Available records
══════════════════════════════
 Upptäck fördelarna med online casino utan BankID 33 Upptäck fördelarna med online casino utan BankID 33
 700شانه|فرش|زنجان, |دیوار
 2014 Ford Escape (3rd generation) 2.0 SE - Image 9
══════════════════════════════
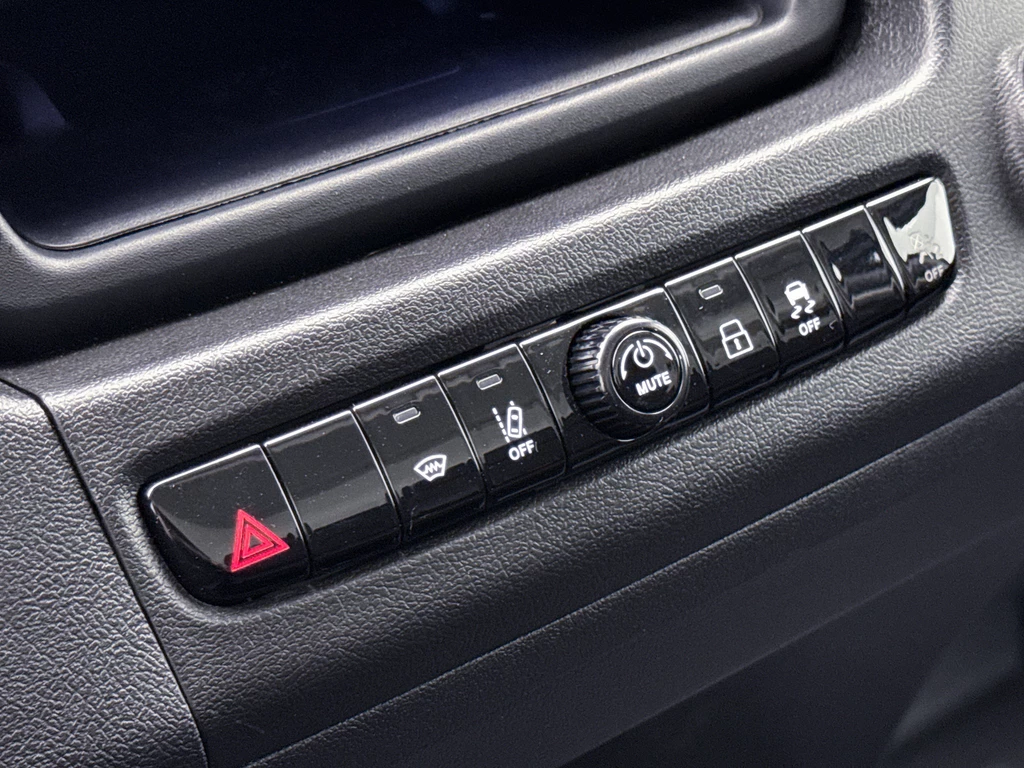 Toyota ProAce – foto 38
══════════════════════════════
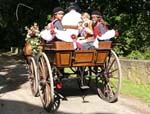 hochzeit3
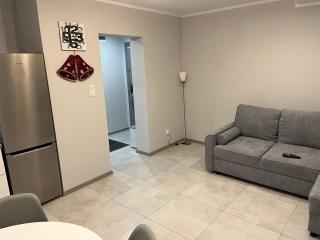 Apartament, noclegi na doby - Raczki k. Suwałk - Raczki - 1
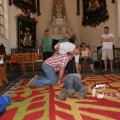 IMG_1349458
══════════════════════════════
What is being asked
The response should be the listing above, limited to the lines between the one holding "Upptäck fördelarna med online casino utan BankID 33 Upptäck" and the one holding "2014 Ford Escape", inclusive, reproduced exactly.

Completed task
 Upptäck fördelarna med online casino utan BankID 33 Upptäck fördelarna med online casino utan BankID 33
 700شانه|فرش|زنجان, |دیوار
 2014 Ford Escape (3rd generation) 2.0 SE - Image 9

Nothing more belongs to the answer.